Attannu e Arreta, termine della tradizione orale popolare
napoletana. Cenerella - Donna Memoria - Attannureta, sono una
stessa realtà divisa in tre aspetti che ritrovati e riuniti
conducono alla liberazione.
6 – 7 maggio 1973 - Teatro Club - Napoli
9 – 10- 11 febbraio 1975 Teatro il Quarto – Quarto Oggiaro –
Milano
9 marzo 1975 - Teatro degli Stracci – Napoli
29 -29 giugno 1975 Arsenali - Amalfi
Rassegna
Femminismo/ Cenerentola – Vista dalle donne
AUT – Maggio 1973 di Adele Cambria
Dicono:” Noi denunciamo, noi rigettiamo, noi rivendichiamo, noi ci
esprimiamo: con il teatro”. Dicono:” Sino ad ora la donna è stata
espressa dall’uomo e si è espressa tramite l’uomo che capitalizza
la sua creatività, le sue idee, il suo lavoro, le sue energie
vitali. Usiamo il cinema per vivere la nostra creatività, la
nostra fantasia, la nostra immaginazione. Perché questo ci
diverte”.
Due documenti femministi, il primo del gruppo napoletano “Le
Nemesiache”, l’altro del Collettivo Romano Femminista di Cinema,
parlano coraggiosamente a questo modo e, dando per scontati i
sarcasmi, centrano il problema dello spazio culturale che le donne
hanno bisogno di gestire, finalmente, in proprio, in prima
persona: muse, ispiratrici, ninfe egerie, male femmine o vipere,
le donne sono state quasi costantemente “viste” dagli altri (dagli
uomini) in ogni tipo di espressione o rappresentazione culturale,
dal poema omerico a quello scespiriano o dantesco, e ancora nella
pittura e nella statuaria, dalla iconografia etrusca a Moore, nel
teatro – da Euripide a Goldoni a Beckett – perfino nel cinema,, un
mezzo di creazione relativamente giovane.
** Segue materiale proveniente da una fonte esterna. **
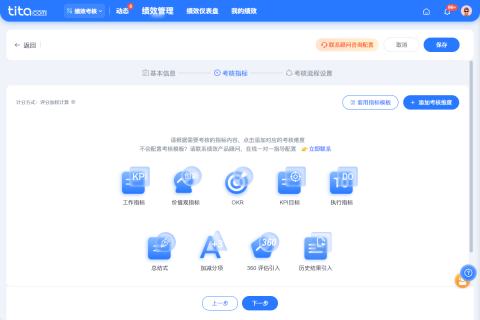 飞书&Tita新绩效一体化：建筑行业绩效管理破局之匙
Le donne non creano,
sono create, inventate dagli altri secondo schemi che esprimono la
mentalità dominante (maschile): la donna, sia pure “protagonista”
di romanzi, poemi, spettacoli, ecc. si limita ad essere ciò che
l’uomo proietta su di lei: così l’inconscio maschile, cercando di
padroneggiare o addirittura di negare i concetti di natura, amore,
male, peccato ne fa delle attribuzioni della femminilità, li
trasferisce sopra la donna, inventa Circe ed Eva; ancora, il
desiderio maschile di dominio e possesso crea l’immagine della
donna passiva, sottomessa, impotente, da proteggere (Lucia
Mondella).
Così la repressione sessuale che l’uomo subisce, oggi, nella
famiglia ancora, culturalmente patriarcale,, nel lavoro,
attraverso la pornografia alimentata dal sistema, lo porta a
mitizzare la verginità, la purezza, la fedeltà: e se Dante
inventava Beatrice e Omero Penelope, la disponibilità sessuale
opaca ed avida di compensi della Cecilia moraviana non è che
l’ammissione di un fallimento maschile: la donna non-vergine è
vista, nonostante tutto, come un disvalore. Persino le fattezze
fisiche delle eroine, la loro esteriorità, è inventata dall’uomo,
secondo un canone estetico variabile, da un tempo all’altro, ma la
cui costante è la celebrazione del rapporto sadomasochistico: da
L’Angelo Azzurro a Ultimo tango a Parigi.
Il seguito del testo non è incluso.